That sounds fine; I think Conumdrum mentioned that. If you have been scouring the WCing section, then you probably have seen my post about my water cooling build. If you are looking to internally mount a 120.3, like discussed, just choose your case wisely, its a big boy:). Also, if you want to overclock, you might want to consider other than stock (depending on what mobo you buy) cooling for your North Bridge. Thermalright makes a decent sink for it while Noctua has an even better one. You could always factor a chipset water block into the loop.

As for ram, mosfet, and soutbridge. As long as you maintain an influx of fresh air into the case (besides whats being pushed through your rad) and towards those components, it should be fine. I have never actually touched the southbridge sink, however, i dont think that it will ever really need cooling beyond the stock.
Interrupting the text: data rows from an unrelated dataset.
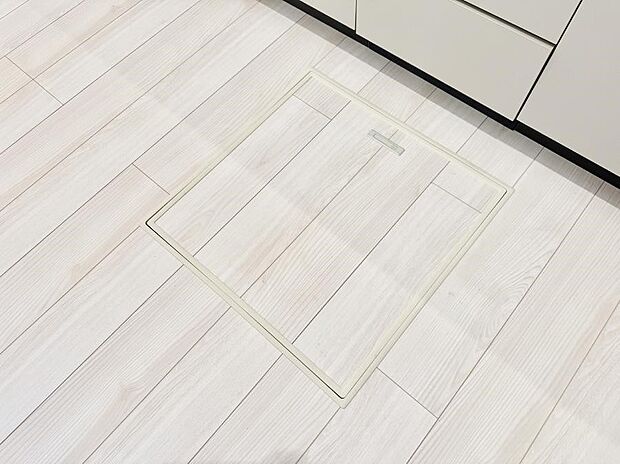 【床下収納】■隠れた収納スペースで家全体がスッキリ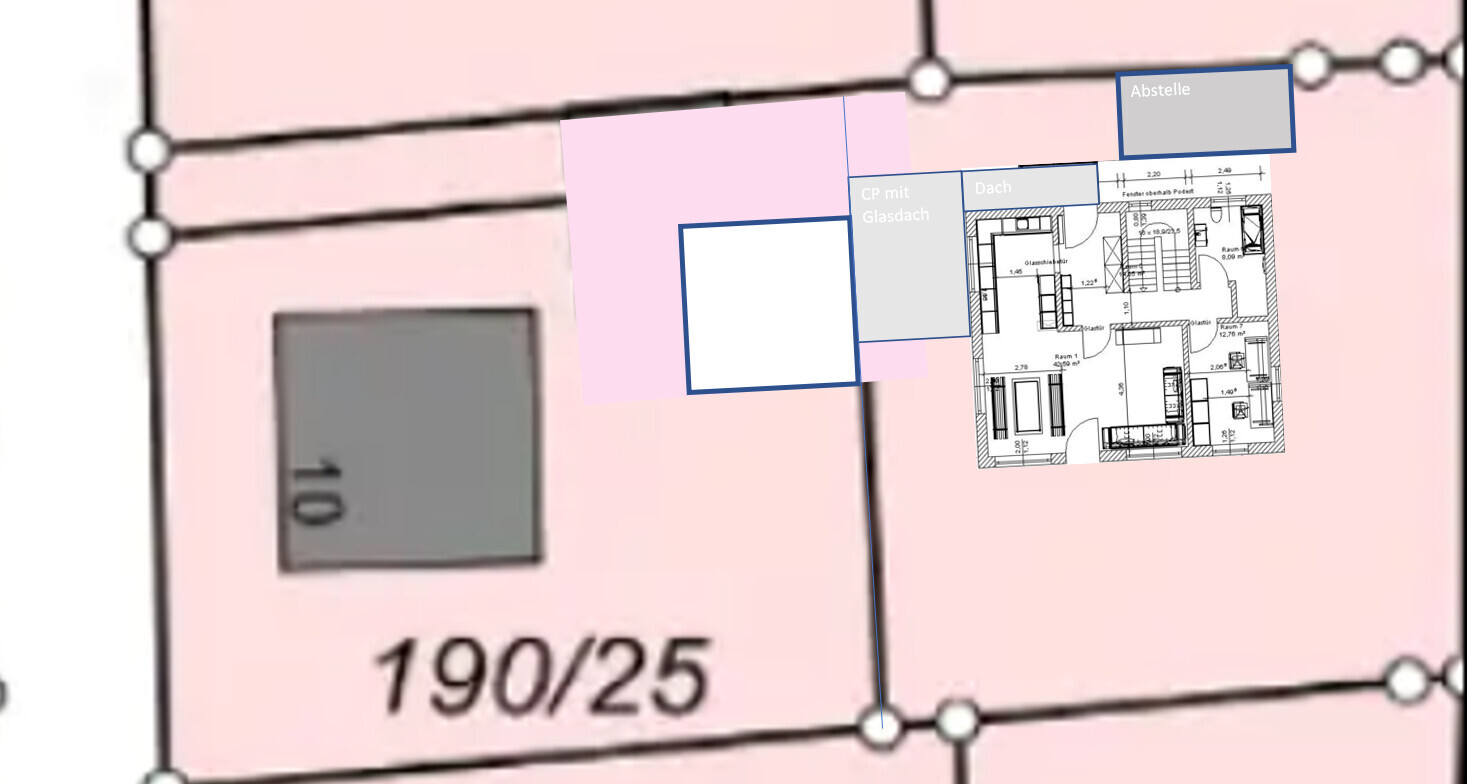 Grundriss eines Gebäudes mit pinkem Hintergrund; überlagerte farbige Rechtecke und Dachplan.
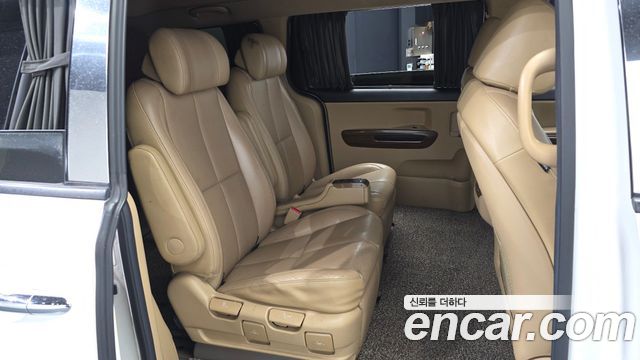 Kia Canival 2016 — photo 18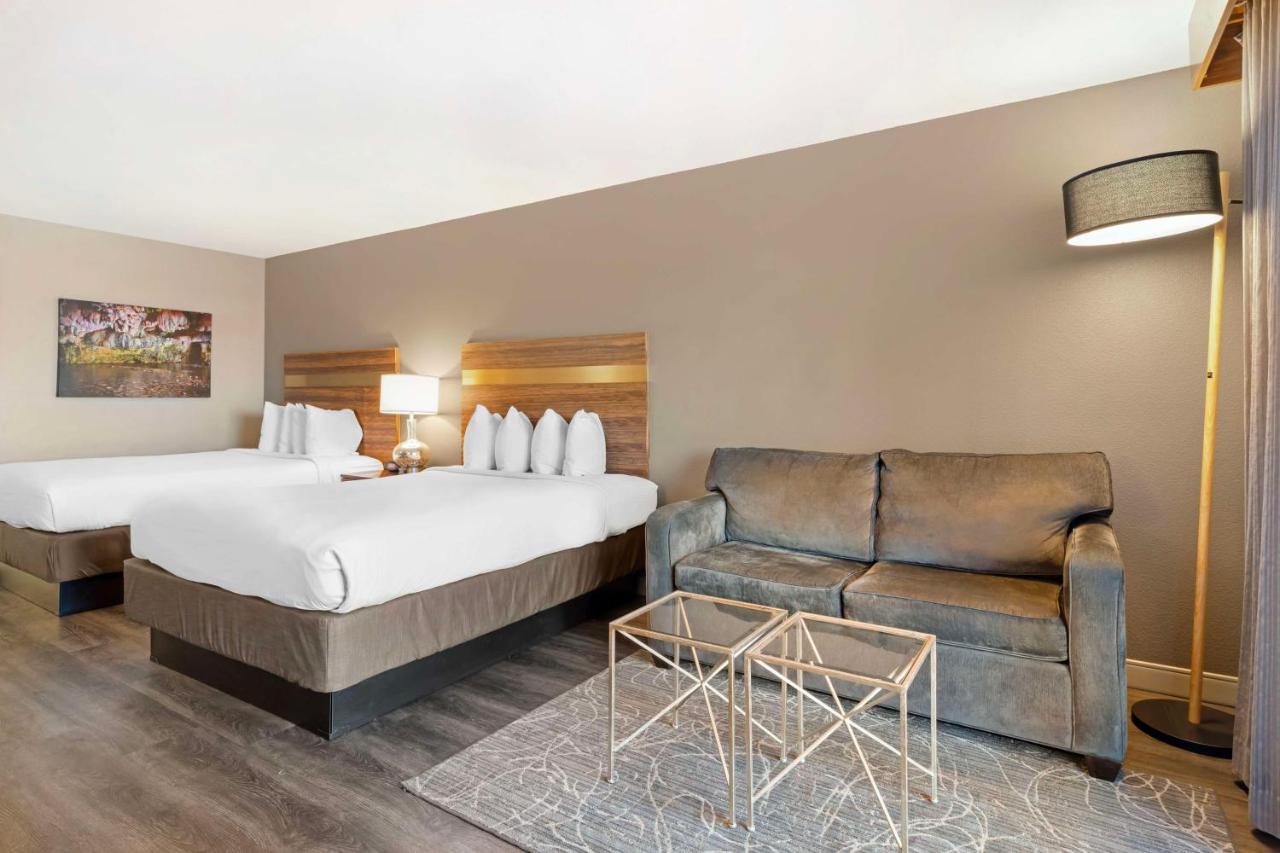 | Best Western Cedar Inn & Suites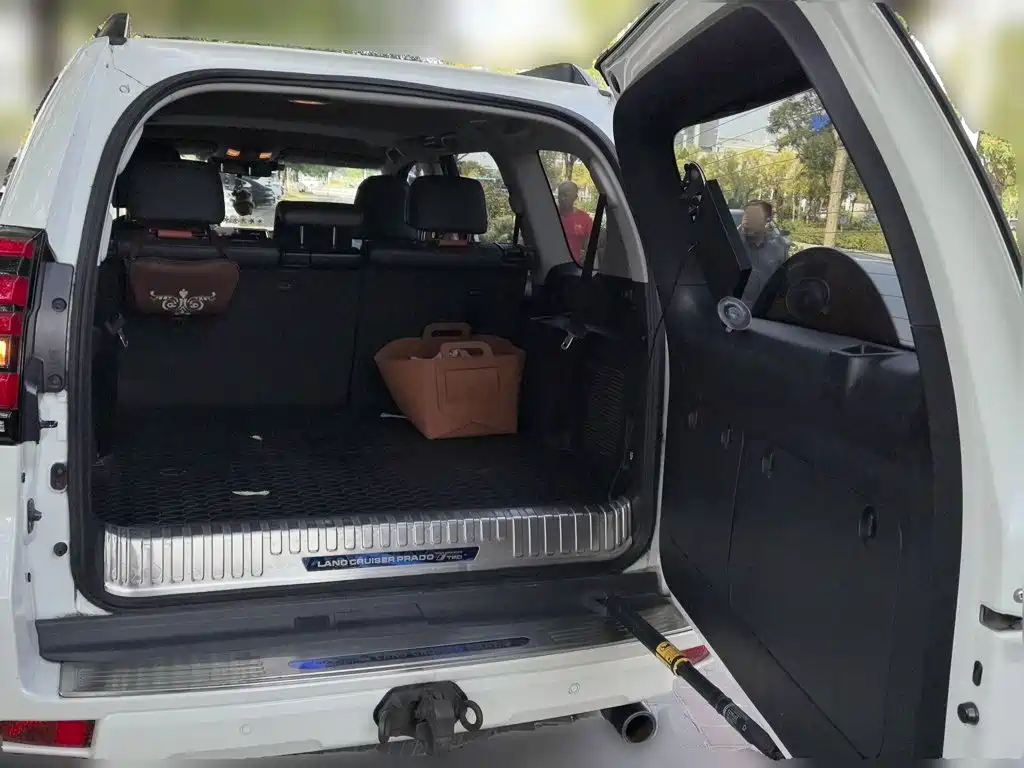 Toyota Prado — миниатюра 20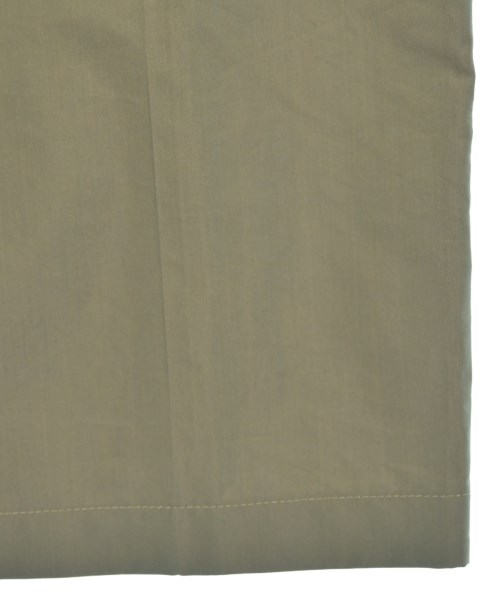 AURALEE（オーラリー）その他 カーキ サイズ:4(M位) メンズ/2200654060056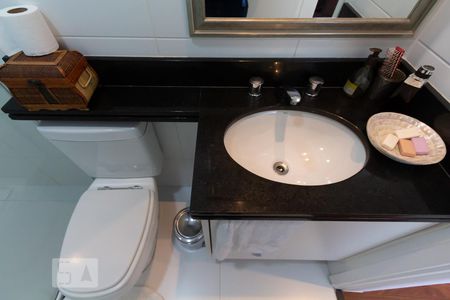 Apartamento para alugar com 253m², 4 quartos e 4 vagas Apartamento para alugar com 253m², 4 quartos e 4 vagasBanheiro do escritório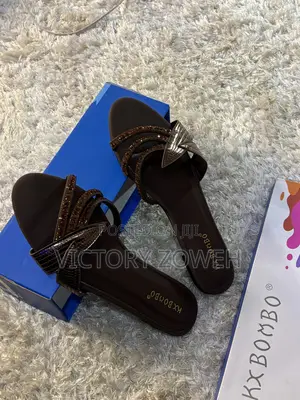 Bombo Slippers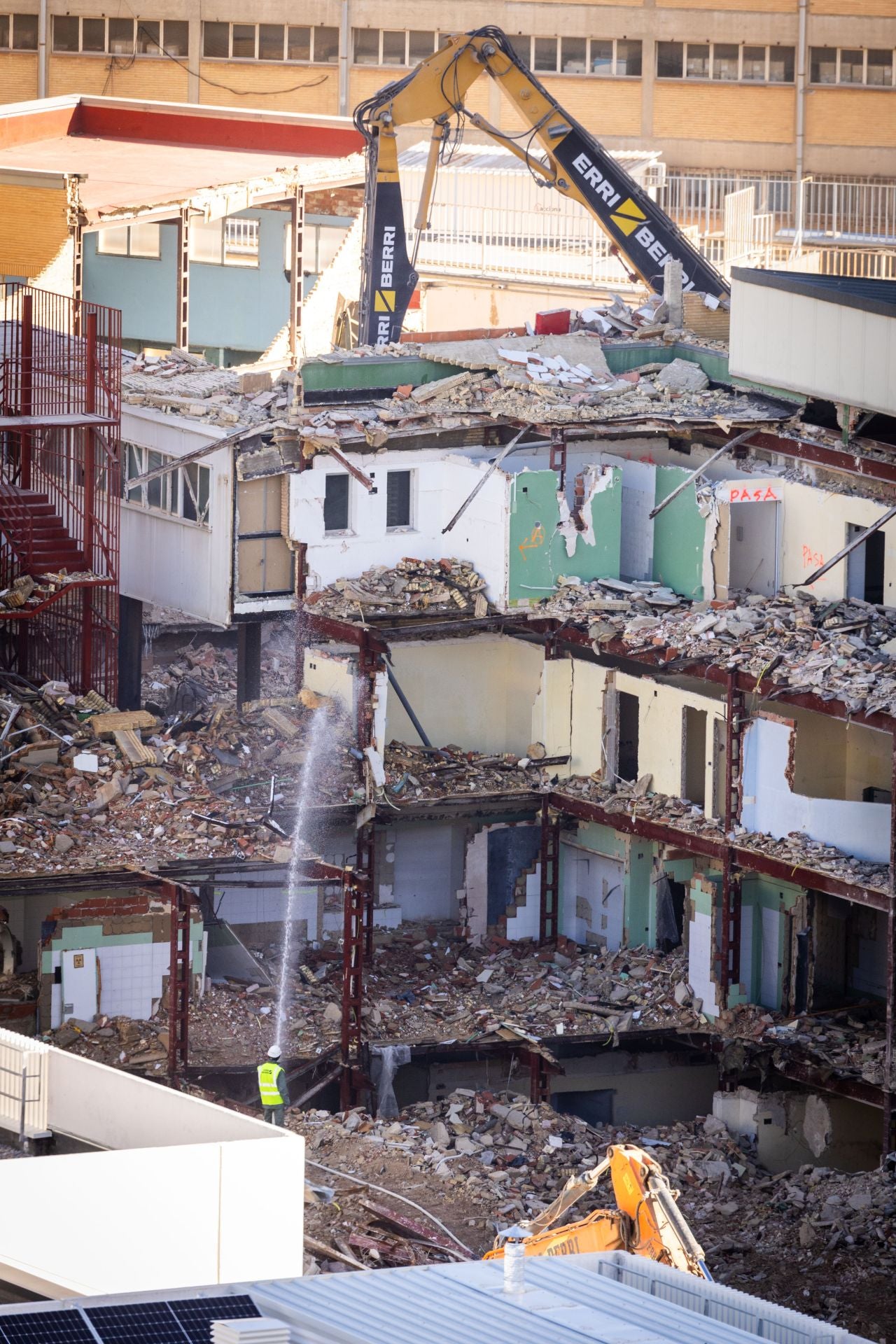 El derribo de la antigua Fe ya se centra en el edificio principal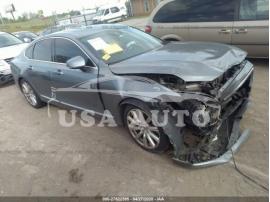 VOLVO S90 2017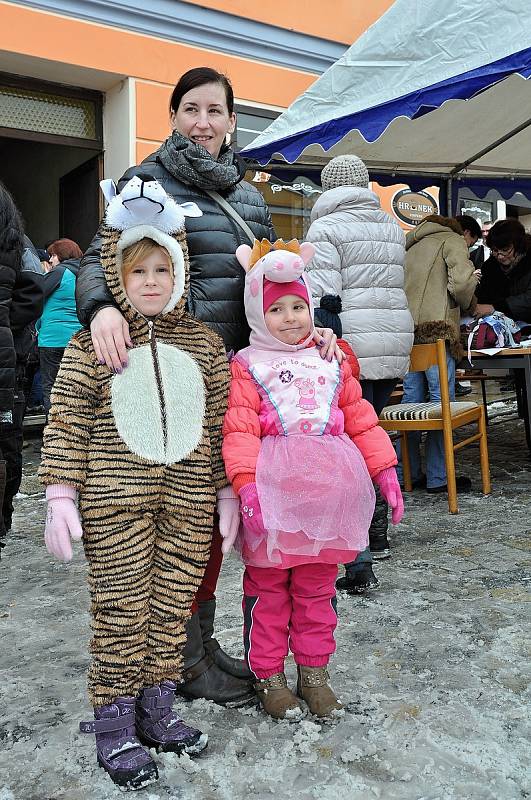 Masopustní průvod se prošel Vimperkem.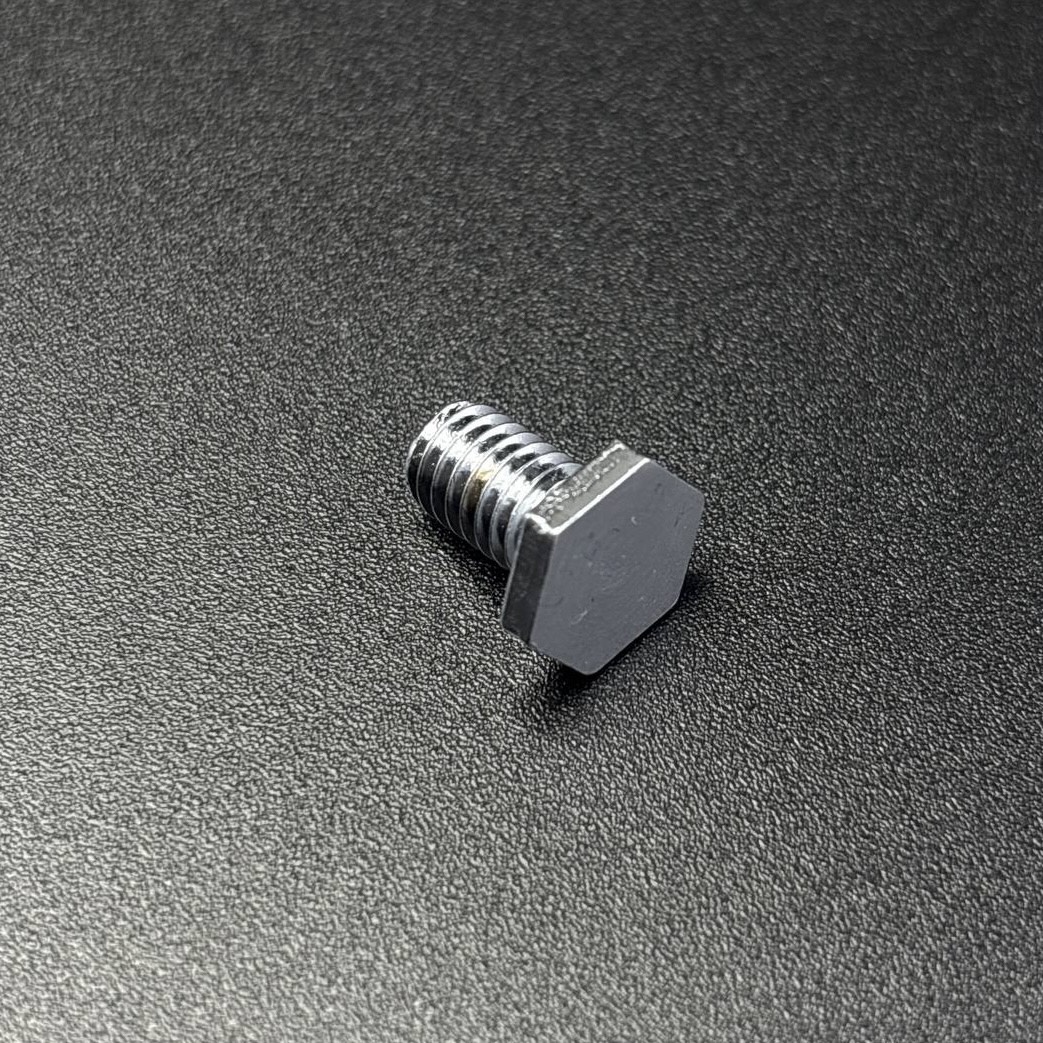 Болт Yamaha 115-140 (90101-06M67) (Yamaha)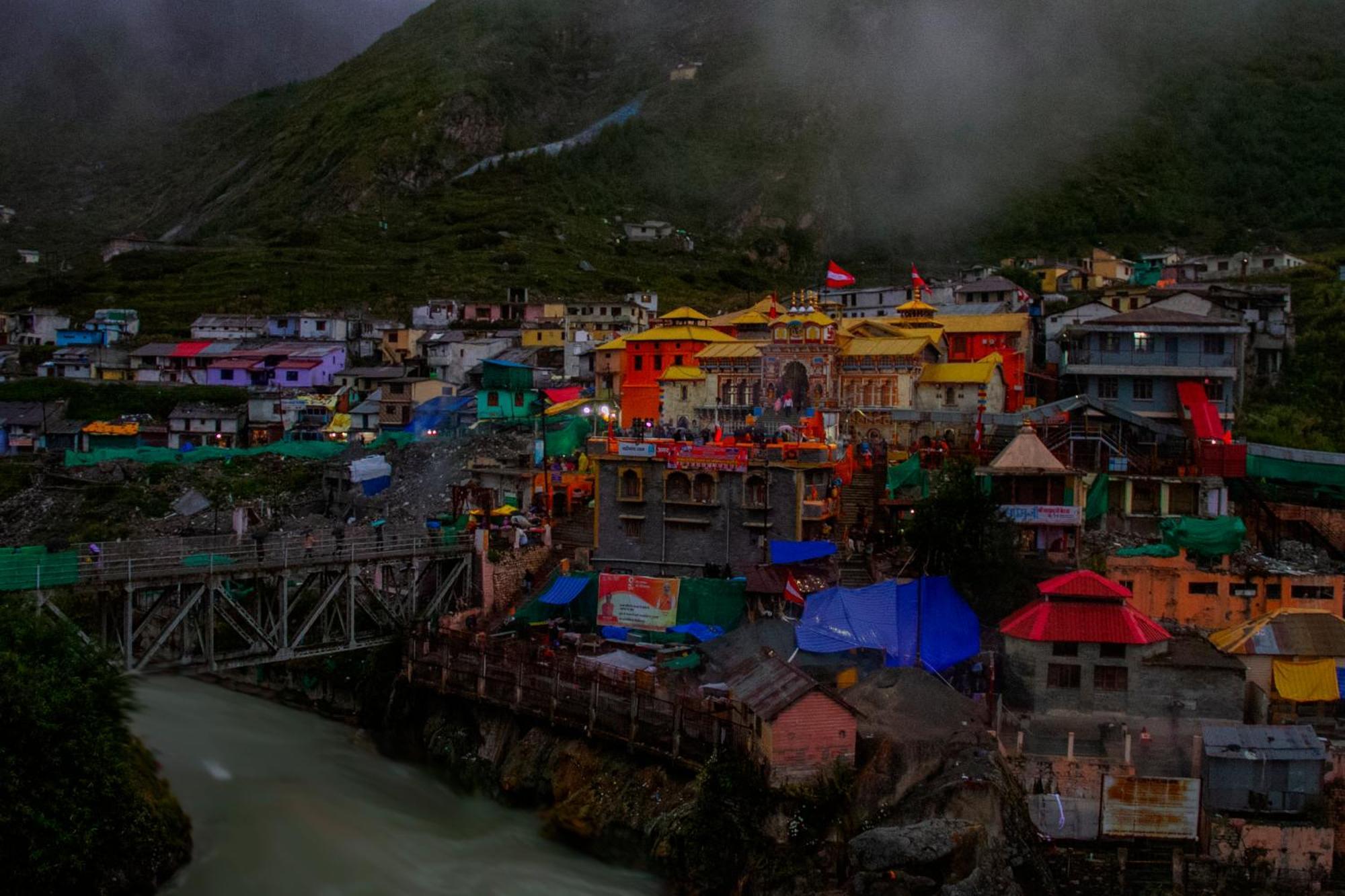 Hotel Amritara The Avadh Badrinath Esterno foto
You can always purchase something liek this

I actually have one that I won off of another forum. Its nice little fan that keeps some air flow over your board. The only thing is, I would put it on a controller cause it can be noisy.

From everything I have read, water cooling ram is pointless. Its generally said that it only increases your chances of leaks, limits your flow, and offers little to no gain in performance. Some companies do offer mosfet water cooling blocks, but I would think you are better off just use passive sinks on them and maintaining airflow in the region. I would think that for the amount that such blocks would limit flow, it just wouldnt be worth it.
 
Hey Phil, I've been taking a look to your build, good stuff there :thup:. Then I've seen... my main concern about changing stock NB cooling is that with the usual heatpipe cooling design of many boards (it doesn't seem to be your case) I don't know what to do with mosfet and SB cooling... I noticed that your board doesn't have any mosfet heatsink, doesn't they get toasted? :eh?: I've seen some people using ramsinks on mosfets after taking off the mobo heatpipe, but I don't know if it's a good enough solution...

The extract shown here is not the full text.